# Exercise goal
Among the lines below, tally those holding the string "with" and give the total only.

# The records
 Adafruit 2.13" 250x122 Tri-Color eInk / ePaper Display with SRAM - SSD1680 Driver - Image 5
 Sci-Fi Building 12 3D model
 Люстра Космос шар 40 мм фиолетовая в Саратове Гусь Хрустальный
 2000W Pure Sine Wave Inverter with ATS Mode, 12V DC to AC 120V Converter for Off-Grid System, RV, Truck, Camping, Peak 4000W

* * *

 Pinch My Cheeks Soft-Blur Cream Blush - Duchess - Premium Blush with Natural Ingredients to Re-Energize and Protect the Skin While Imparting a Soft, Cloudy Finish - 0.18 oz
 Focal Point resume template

# Your response
3